[What the task asks] Repeat the listing below exactly. Pictures do not belong in the copy.

━━━━━ Raw data ━━━━━

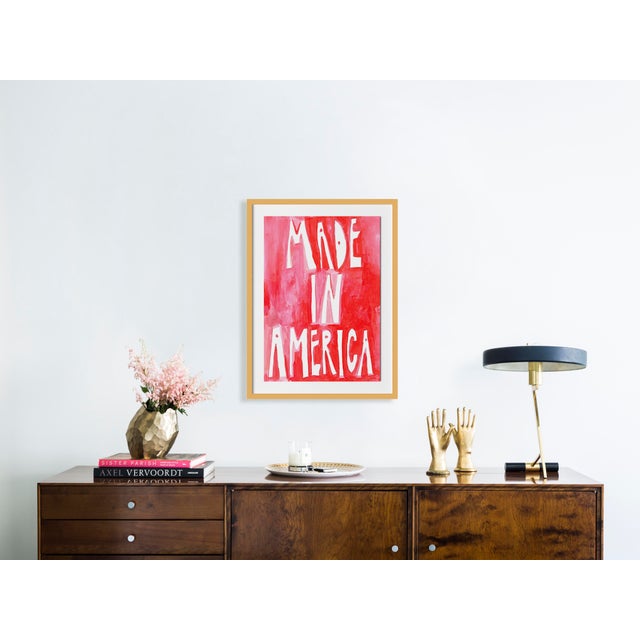 Contemporary Made In America by Virginia Chamlee in Gold Frame, Medium Art Print For Sale - Image 3 of 4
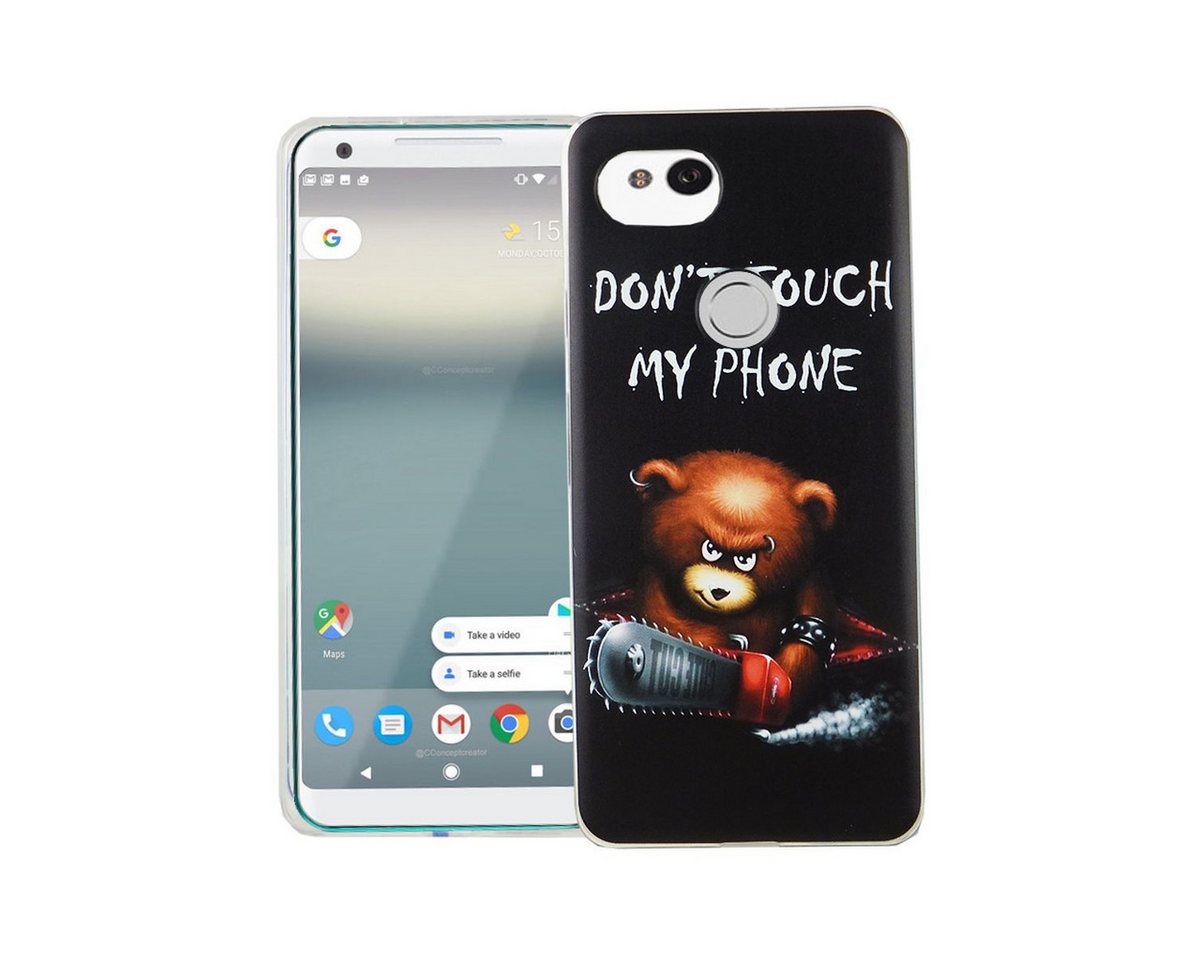 König Design Handyhülle Google Pixel 2 XL, Google Pixel 2 XL Handyhülle Bumper Backcover Schwarz König Design Handyhülle Google Pixel 2 XL, Google Pixel 2 XL Handyhülle Bumper Backcover Schwarz von König Design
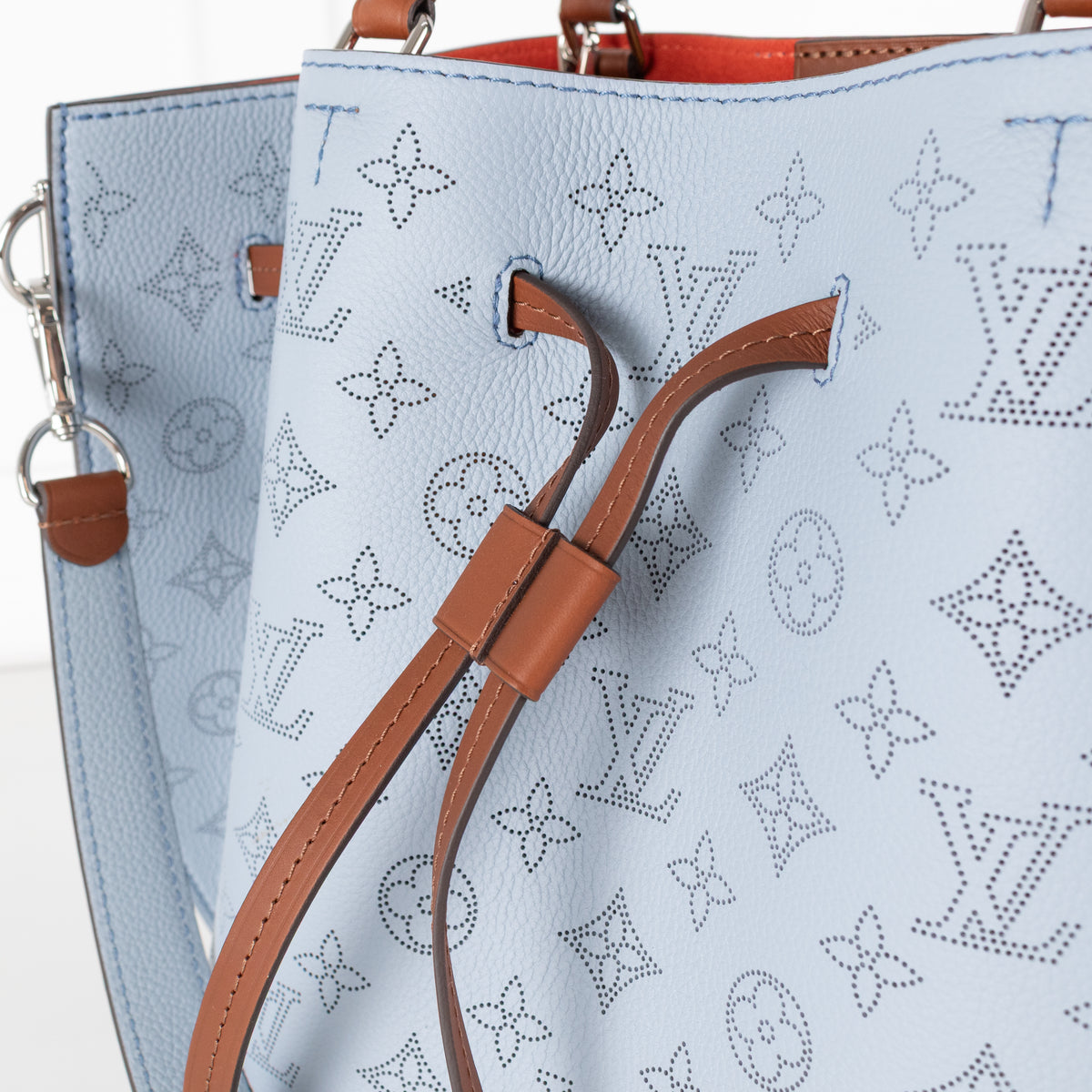 Louis Vuitton Light Blue Mahina Girolata Perforated Monogram Leather Bag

━━━━━

[Output below]
 Contemporary Made In America by Virginia Chamlee in Gold Frame, Medium Art Print For Sale - Image 3 of 4
 König Design Handyhülle Google Pixel 2 XL, Google Pixel 2 XL Handyhülle Bumper Backcover Schwarz König Design Handyhülle Google Pixel 2 XL, Google Pixel 2 XL Handyhülle Bumper Backcover Schwarz von König Design
 Louis Vuitton Light Blue Mahina Girolata Perforated Monogram Leather Bag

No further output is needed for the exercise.